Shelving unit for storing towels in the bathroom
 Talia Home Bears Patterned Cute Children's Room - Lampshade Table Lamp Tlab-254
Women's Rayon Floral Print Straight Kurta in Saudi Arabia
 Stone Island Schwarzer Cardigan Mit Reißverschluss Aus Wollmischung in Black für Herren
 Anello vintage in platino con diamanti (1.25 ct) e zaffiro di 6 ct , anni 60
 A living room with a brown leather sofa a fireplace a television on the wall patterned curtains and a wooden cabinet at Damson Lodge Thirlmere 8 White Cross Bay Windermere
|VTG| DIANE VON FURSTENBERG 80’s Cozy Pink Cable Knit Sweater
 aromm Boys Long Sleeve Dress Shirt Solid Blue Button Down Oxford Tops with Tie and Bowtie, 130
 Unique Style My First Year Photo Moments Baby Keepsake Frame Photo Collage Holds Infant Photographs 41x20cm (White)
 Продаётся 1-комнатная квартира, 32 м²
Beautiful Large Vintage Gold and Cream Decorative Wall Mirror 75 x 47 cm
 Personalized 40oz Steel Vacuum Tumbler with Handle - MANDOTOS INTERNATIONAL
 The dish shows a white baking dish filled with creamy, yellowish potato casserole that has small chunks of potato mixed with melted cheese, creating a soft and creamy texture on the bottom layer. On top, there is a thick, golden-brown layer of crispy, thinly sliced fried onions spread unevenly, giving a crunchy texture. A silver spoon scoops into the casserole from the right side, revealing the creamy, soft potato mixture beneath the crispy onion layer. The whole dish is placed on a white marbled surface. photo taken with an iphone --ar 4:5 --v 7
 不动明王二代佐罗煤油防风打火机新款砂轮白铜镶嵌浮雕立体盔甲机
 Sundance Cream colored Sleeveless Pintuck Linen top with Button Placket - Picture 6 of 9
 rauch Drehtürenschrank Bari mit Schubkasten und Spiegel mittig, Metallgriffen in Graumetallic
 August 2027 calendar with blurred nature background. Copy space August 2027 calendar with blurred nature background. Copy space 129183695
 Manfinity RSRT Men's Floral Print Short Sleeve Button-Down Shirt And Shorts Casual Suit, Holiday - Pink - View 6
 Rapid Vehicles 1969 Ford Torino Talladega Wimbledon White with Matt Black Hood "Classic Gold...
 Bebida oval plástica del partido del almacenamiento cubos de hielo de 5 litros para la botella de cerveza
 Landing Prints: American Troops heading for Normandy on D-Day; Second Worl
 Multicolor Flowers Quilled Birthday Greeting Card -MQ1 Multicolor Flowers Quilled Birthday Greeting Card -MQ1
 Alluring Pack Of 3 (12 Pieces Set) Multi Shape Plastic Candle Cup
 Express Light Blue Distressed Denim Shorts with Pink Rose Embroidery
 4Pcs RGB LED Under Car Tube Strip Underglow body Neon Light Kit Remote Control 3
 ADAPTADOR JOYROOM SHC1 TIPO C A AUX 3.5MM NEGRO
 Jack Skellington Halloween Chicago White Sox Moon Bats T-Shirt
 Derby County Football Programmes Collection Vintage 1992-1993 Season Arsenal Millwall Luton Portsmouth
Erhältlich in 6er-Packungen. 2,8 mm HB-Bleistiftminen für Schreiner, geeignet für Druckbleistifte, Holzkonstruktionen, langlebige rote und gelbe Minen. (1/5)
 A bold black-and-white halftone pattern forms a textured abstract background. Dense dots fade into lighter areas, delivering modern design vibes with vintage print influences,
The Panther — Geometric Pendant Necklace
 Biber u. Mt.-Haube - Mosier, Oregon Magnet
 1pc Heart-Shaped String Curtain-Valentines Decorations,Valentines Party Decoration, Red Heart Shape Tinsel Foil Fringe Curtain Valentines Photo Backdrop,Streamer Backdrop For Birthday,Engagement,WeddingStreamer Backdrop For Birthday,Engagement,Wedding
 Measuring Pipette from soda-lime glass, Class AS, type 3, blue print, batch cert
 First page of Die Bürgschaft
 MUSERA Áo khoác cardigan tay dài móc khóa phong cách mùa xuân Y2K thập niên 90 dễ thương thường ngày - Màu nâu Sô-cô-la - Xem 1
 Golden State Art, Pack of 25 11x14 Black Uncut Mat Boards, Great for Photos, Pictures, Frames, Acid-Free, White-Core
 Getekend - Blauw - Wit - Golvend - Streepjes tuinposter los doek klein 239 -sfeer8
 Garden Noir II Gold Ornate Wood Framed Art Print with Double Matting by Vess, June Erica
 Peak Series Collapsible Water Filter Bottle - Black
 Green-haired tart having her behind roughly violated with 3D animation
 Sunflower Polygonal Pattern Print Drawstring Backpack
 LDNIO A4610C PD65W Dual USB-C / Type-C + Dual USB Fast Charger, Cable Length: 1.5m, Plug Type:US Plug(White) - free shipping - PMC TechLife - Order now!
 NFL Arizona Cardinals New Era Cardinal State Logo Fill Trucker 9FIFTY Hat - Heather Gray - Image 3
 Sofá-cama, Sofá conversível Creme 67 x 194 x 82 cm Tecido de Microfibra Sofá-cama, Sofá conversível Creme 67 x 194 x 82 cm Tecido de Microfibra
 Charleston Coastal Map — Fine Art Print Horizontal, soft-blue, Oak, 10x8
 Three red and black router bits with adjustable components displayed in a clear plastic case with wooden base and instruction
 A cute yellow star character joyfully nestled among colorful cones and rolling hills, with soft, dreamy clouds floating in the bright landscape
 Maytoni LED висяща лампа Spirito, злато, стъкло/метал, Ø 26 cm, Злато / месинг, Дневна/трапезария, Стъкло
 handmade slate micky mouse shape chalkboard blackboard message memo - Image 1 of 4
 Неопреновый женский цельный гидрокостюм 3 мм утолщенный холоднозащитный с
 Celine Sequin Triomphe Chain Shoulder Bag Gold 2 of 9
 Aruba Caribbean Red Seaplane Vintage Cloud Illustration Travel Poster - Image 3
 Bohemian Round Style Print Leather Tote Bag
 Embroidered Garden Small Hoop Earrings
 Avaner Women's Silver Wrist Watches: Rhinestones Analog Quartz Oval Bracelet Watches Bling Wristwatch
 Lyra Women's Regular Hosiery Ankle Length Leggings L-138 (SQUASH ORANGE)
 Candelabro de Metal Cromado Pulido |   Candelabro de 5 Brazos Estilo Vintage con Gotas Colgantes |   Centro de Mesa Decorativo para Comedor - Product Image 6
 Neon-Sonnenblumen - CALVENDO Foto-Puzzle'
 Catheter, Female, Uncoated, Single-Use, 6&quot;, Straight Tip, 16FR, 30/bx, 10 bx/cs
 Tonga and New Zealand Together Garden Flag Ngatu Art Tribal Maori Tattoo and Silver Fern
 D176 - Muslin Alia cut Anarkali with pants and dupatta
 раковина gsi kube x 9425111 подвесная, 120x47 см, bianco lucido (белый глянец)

----

TASK DETAILS -
Everything from the line containing "Неопреновый женский цельный" through the end of the entries above should be retyped exactly, and nothing else.

RESPONSE BELOW -
 Неопреновый женский цельный гидрокостюм 3 мм утолщенный холоднозащитный с
 Celine Sequin Triomphe Chain Shoulder Bag Gold 2 of 9
 Aruba Caribbean Red Seaplane Vintage Cloud Illustration Travel Poster - Image 3
 Bohemian Round Style Print Leather Tote Bag
 Embroidered Garden Small Hoop Earrings
 Avaner Women's Silver Wrist Watches: Rhinestones Analog Quartz Oval Bracelet Watches Bling Wristwatch
 Lyra Women's Regular Hosiery Ankle Length Leggings L-138 (SQUASH ORANGE)
 Candelabro de Metal Cromado Pulido |   Candelabro de 5 Brazos Estilo Vintage con Gotas Colgantes |   Centro de Mesa Decorativo para Comedor - Product Image 6
 Neon-Sonnenblumen - CALVENDO Foto-Puzzle'
 Catheter, Female, Uncoated, Single-Use, 6&quot;, Straight Tip, 16FR, 30/bx, 10 bx/cs
 Tonga and New Zealand Together Garden Flag Ngatu Art Tribal Maori Tattoo and Silver Fern
 D176 - Muslin Alia cut Anarkali with pants and dupatta
 раковина gsi kube x 9425111 подвесная, 120x47 см, bianco lucido (белый глянец)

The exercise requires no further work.